A new American restaurant with reach
District Kitchen stretches the mold

By Tom Sietsema
Sunday, Feb. 26, 2012

Most new American restaurants are playing it so farm-to-table safe these days that even a casual diner can predict what will be on the menu.

A category called "snacks" will kick off the possibilities, and among the choices will be nuts, cheese and sausage. Chicken liver will make a cameo, as will steamed mussels. As for bread, well, there won't be any, at least not in a basket. Gratis bread is disappearing faster than polar ice caps.

District Kitchen, which opened in January with Drew Trautmann in the kitchen and Jawad Saadaoui in the front of the house, follows that much-performed script. With its bare light bulbs and brick walls, the restaurant even dresses like a lot of recent arrivals. At the same time, however, District Kitchen maps its own world. Where I would have predicted squash soup as a special, Trautmann delivers celery root pureed with peanuts, and the wine program features premium grape juice in stainless steel kegs (nitrogen keeps the two reds and two whites from spoiling).

Get some mixed nuts to go along with the drinks, some of the best libations on Woodley Park's restaurant row. Yes, the snack is everywhere, but this restaurant's cupful of toasted, buttery and cayenne-spiked nuts makes a fine companion to the Gist created from bourbon, Cointreau, lemon juice and maple syrup.
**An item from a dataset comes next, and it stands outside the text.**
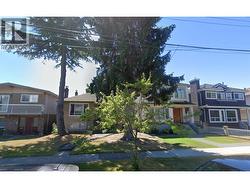 2876 W 18TH AVENUE  Vancouver, BC V6L 1B6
Deviled ham, pretty in pink, makes a nice spread for toast points. The kitchen also tosses some pleasing salads, including wild cress and arugula with black walnuts and dried apples.

Among the intriguing small plates are zesty sausage meatballs made with ground duck, liver and rice, crisp from their roll in bread crumbs and served with a house-made onion ketchup that could use more spunk; and pleasantly chewy cords of pasta topped with chunks of tender, sweetly spiced lamb and a dusting of goat milk cheddar. The latter, says Trautmann, is a shout-out to his former home, Cincinnati, and its famous Skyline Chili brand.

I have a soft spot for eggs for dinner and thus welcome the hash whipped up from fleshy mushrooms, roasted fingerling potatoes and a shirred (baked) egg. Rosemary winds through the piping hot dish, giving it just the right thrust.

There are a mere eight entrees, but plenty to admire among them. The day's catch (likely rockfish) comes as I prefer, head and tail attached, and bright with lemon and thyme in its seasoning. Duck leg confit is a two-part pleasure, its crackling skin giving way to succulent meat. Its roasted baby turnips are dull compared to the carrot jus on the plate. Chicken a la king in a restaurant? Pulled chicken moistened with a roux-thickened sauce and draped on toast with deglazed carrots is nostalgia that goes down easily.

I've saved the best for last: A lusty pork shank propped upright and arranged with tangy sauerkraut and bread dumplings spotted with duck bacon. Caraway and white wine aren't the only reasons the sauerkraut, made with under-appreciated kohlrabi, is so compelling; duck fat, saved from the aforementioned confit, flavors the shredded vegetable, too. "Very little food goes into the trash can," says the resourceful Trautmann. (A good chef knows to use everything he buys. Early in my career, while preparing a meal in my galley kitchen in Milwaukee, Jacques Pepin employed a used lemon to clean my countertops.)

There are occasional misfires at District Kitchen. One night's steak showed up in the shape of South America, on a plate that fit in creamed greens. Neither meat nor leaf impressed me after tasting them: the steak demanded the sauce on the side; the vegetable was one-note and gluey to boot. Another bust: club fries, fat spears of undercooked potato. The slips extend to scallops that crunch from grit rather than a hot sear.

Simple comforts bring up the rear. Chocolate pot de creme is dense, dark and dreamy. Ice cream sweetened with the flavor of the moment, sorghum, is three scoops of fun topped with carrot cake crumbles. Apple buckle, on the other hand, revealed a gummy batter.

Smiles abound in the dining room. Part of this is explained by the affable servers, dressed casually in black T-shirts but plenty polished when it comes to rhapsodizing about the menu. The light mood is surely also the result of grateful neighbors, relieved to get an alternative to all the middling menus between Dupont Circle and Cleveland Park.

You might walk into District Kitchen thinking you've already eaten everything it serves, but you're likely to leave the restaurant pleased to be proved wrong.